» **Exercise objective**
Retype only what runs from the first line of the records to the line with "Viewing the Relationship types page", inclusive, and no pictures.

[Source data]
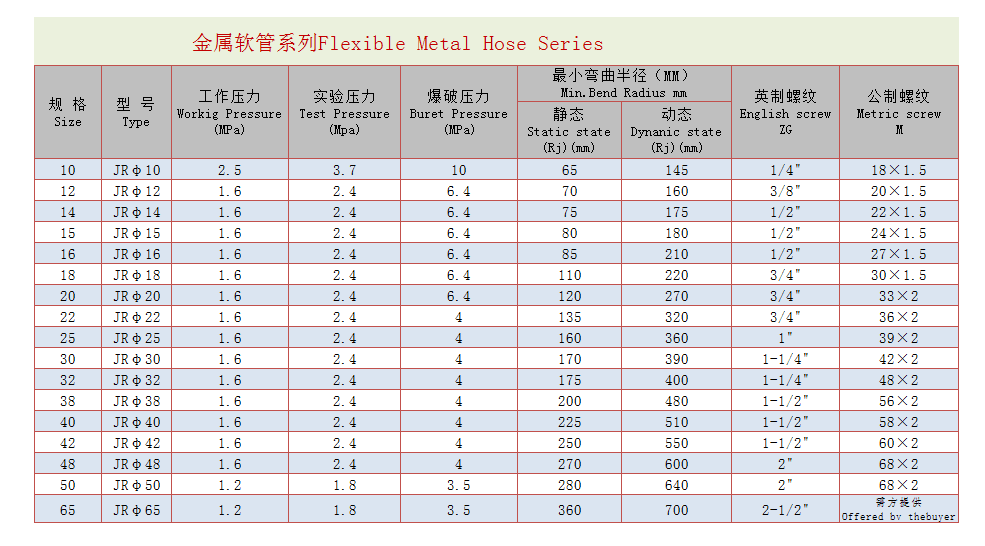 港澳免费资科大全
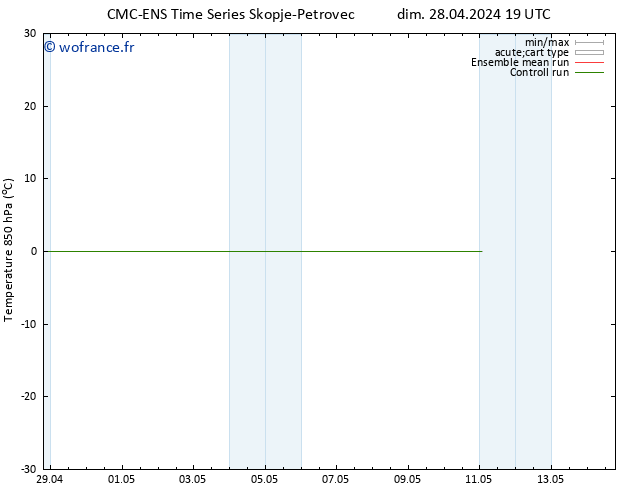Temp. 850 hPa CMC TS mer 08.05.2024 19 UTC
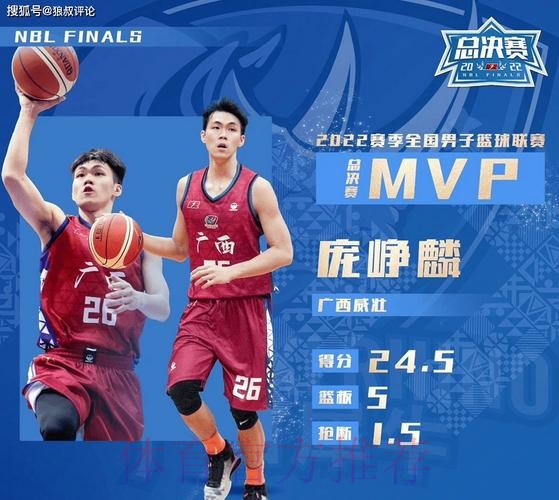场均18.2分本土第3!CBA官方:庞峥麟荣膺首期月度最佳星锐 场均18.2分本土第3!CBA官方:庞峥麟荣膺首期月度最佳星锐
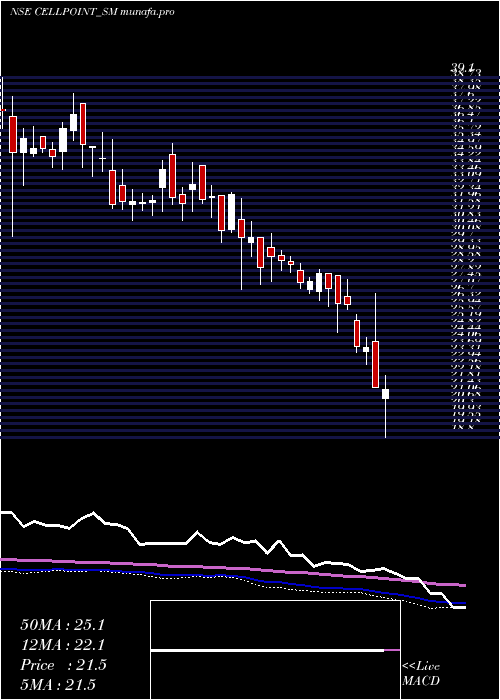  weekly chart CellPoint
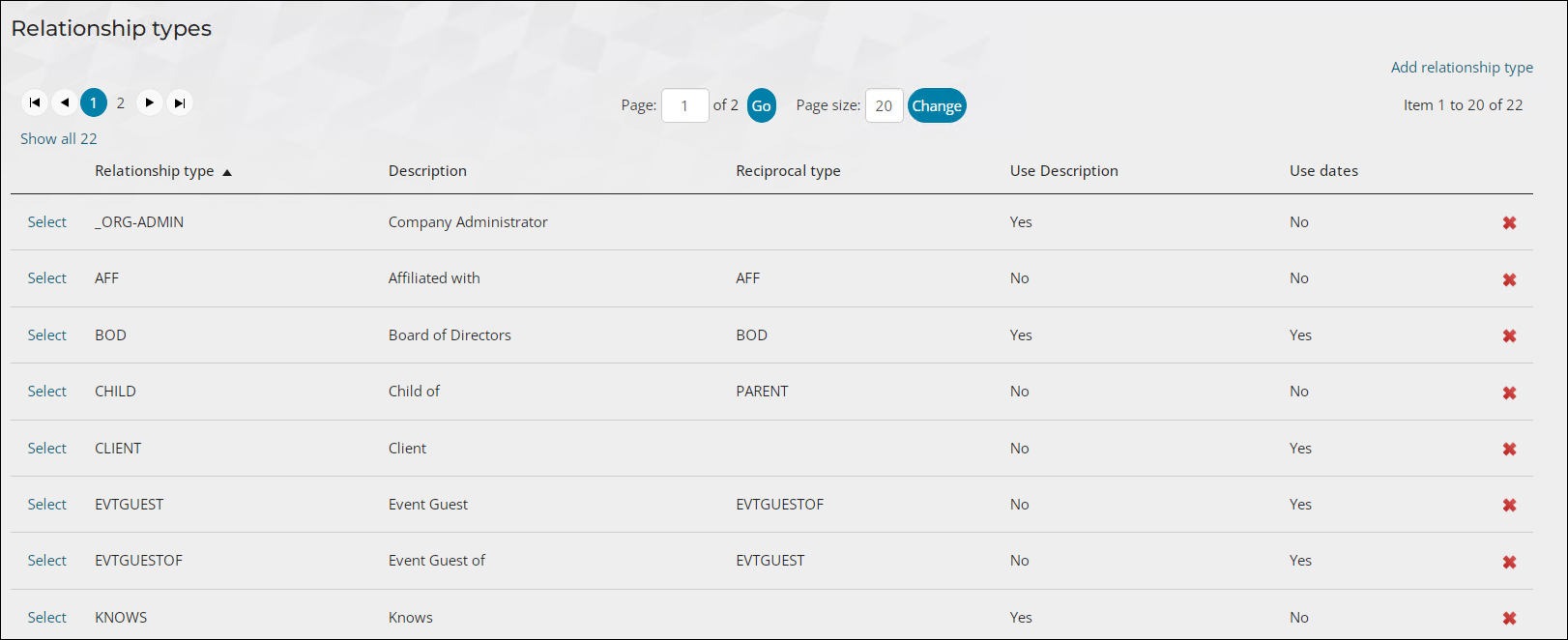 Viewing the Relationship types page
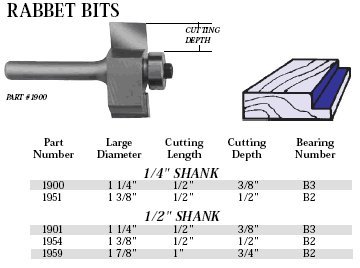 WhitesideRouter Bits 1954 Rabbet Bit with 1-3/8-Inch Large Diameter, 1/2-Inch Cutting Diameter and 1/2-Inch Cutting Length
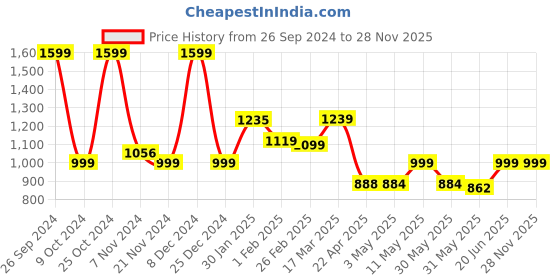 tatacliq.com Campus Women's ELIO Green Running Shoes campus Price History Graph from 26 Sep 2024 to 28 Nov 2025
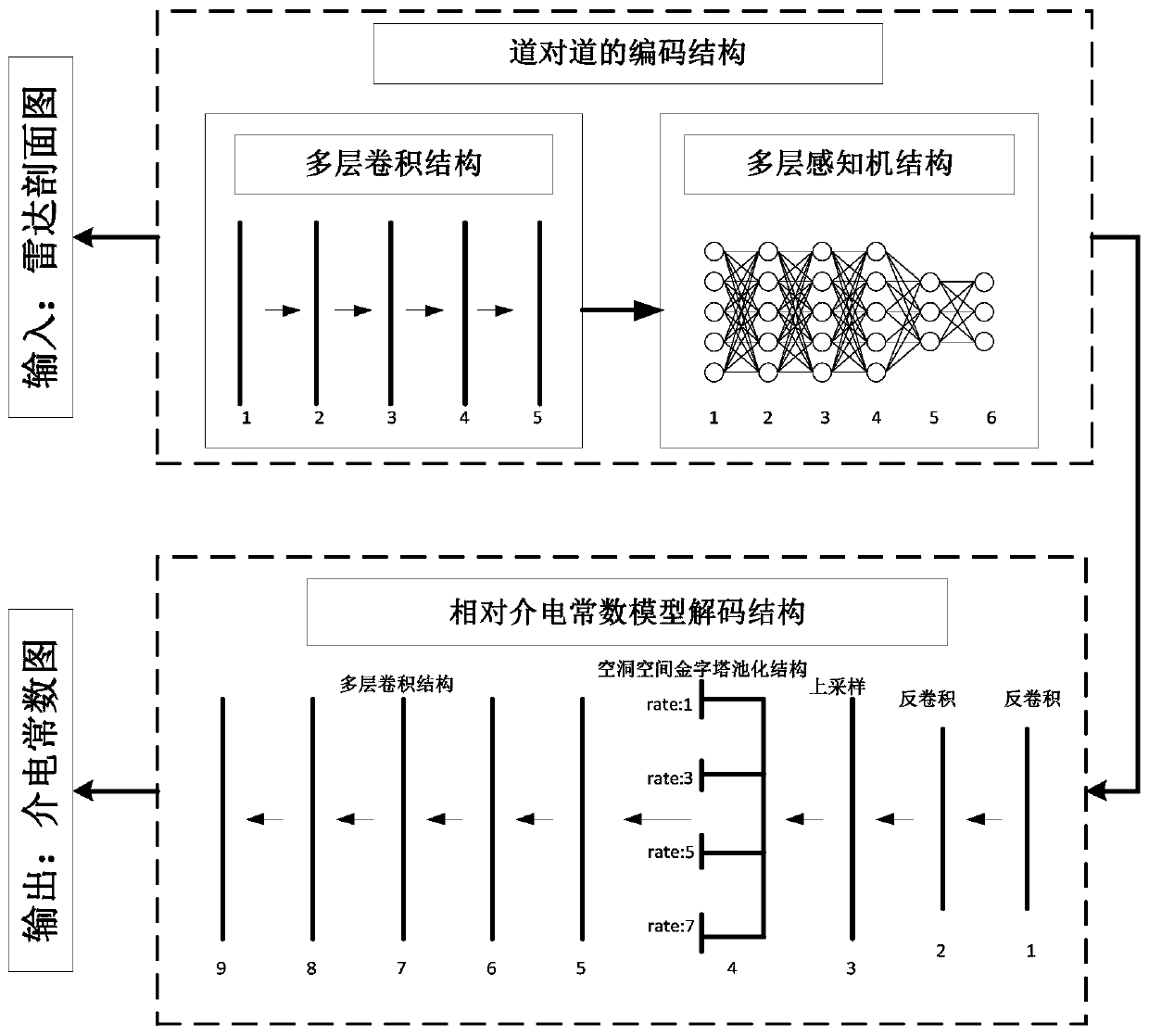 Multi-arm robot for detection and disease screening of tunnel lining in operational period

» **Response area**
 港澳免费资科大全
Temp. 850 hPa CMC TS mer 08.05.2024 19 UTC
场均18.2分本土第3!CBA官方:庞峥麟荣膺首期月度最佳星锐 场均18.2分本土第3!CBA官方:庞峥麟荣膺首期月度最佳星锐
  weekly chart CellPoint
 Viewing the Relationship types page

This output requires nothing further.